To secure your bike, simply rest the bike onto the rail, lift the hookup arm over the front tire and push the locking unit onto the front tire so it rests about an inch in front of the front brake. Then you just push the sliding locking mechanism onto the tire till the bike is held tightly. Best part is you can push down on the arm and hear it click into place each time you push it further so you can get more micro-adjustments of tightness.

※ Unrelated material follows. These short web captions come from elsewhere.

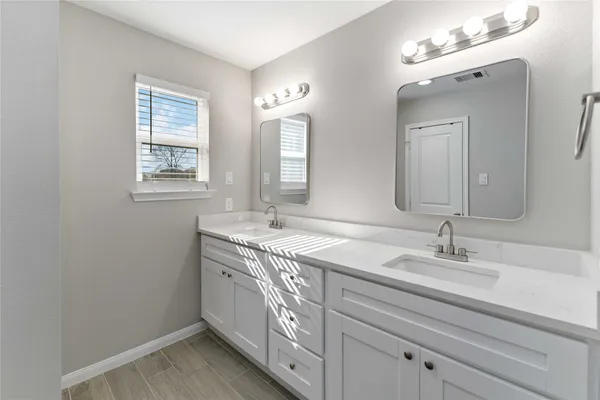 $1,850 | 9711 Beckley Street, Houston, TX 77088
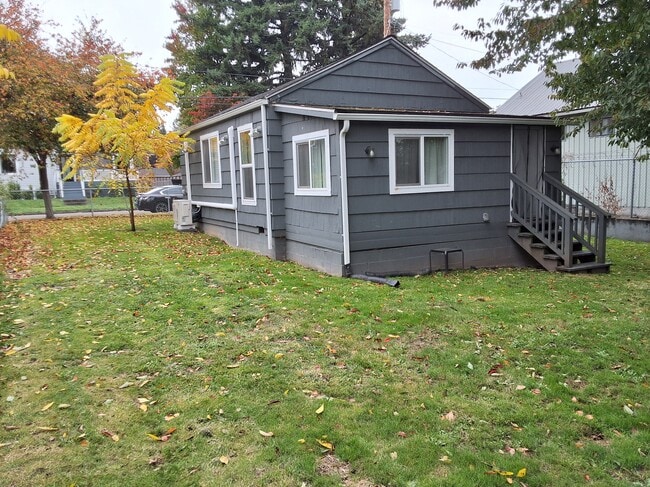 Photo - 720 S Southern St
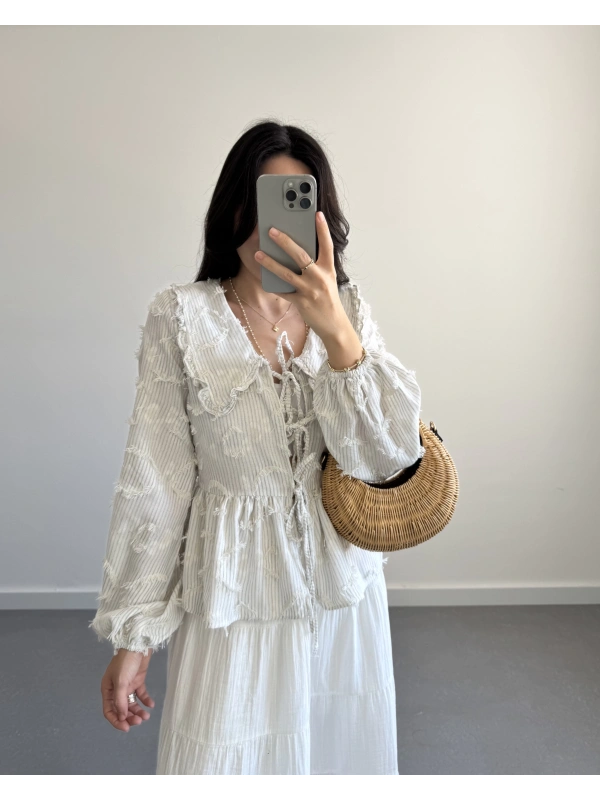 GRİ ÇİZGİLİ BEBE YAKA PÜSKÜL BLUZ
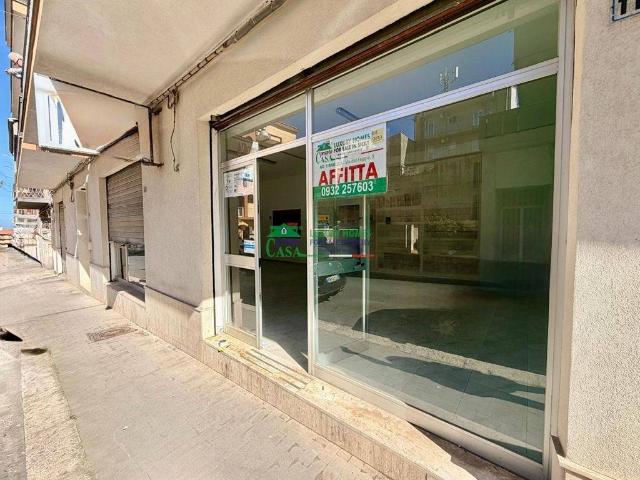 Locale Commerciale in affitto a Ragusa, Sicilia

Once your front wheel is secure, you’ll find the bike won’t move but you’ll still want to secure it completely by hooking the rear strap over the rim of your back wheel which secures the entire bicycle very well. These are the same kinds of straps you find on standard roof racks to hold the rear wheel down after securing front forks. It also bears noting that, with all these straps, one must be careful to thread the strap into the narrow receiving slot. I accidentally just pushed the strap in once, missing the correct slot and found that, while the strap would tighten this way, it was a bear to get undone.
I also found, quite to my surprise, that I didn’t need to wrestle with holding the bicycle in place before I got the locking arm onto the front tire. It would just rest there, held by the grooves around both tires. Very nice.
To release the bike, just squeeze the red release button on the arm and the locking mechanism is free to slide up and release the front wheel. Undo the rear strap and your bike is off the rack in less than 10 seconds, literally. Actually, I bet I could do it in five seconds if somebody challenged me.
And putting the bicycle back on the Hookup is just as quick and easy.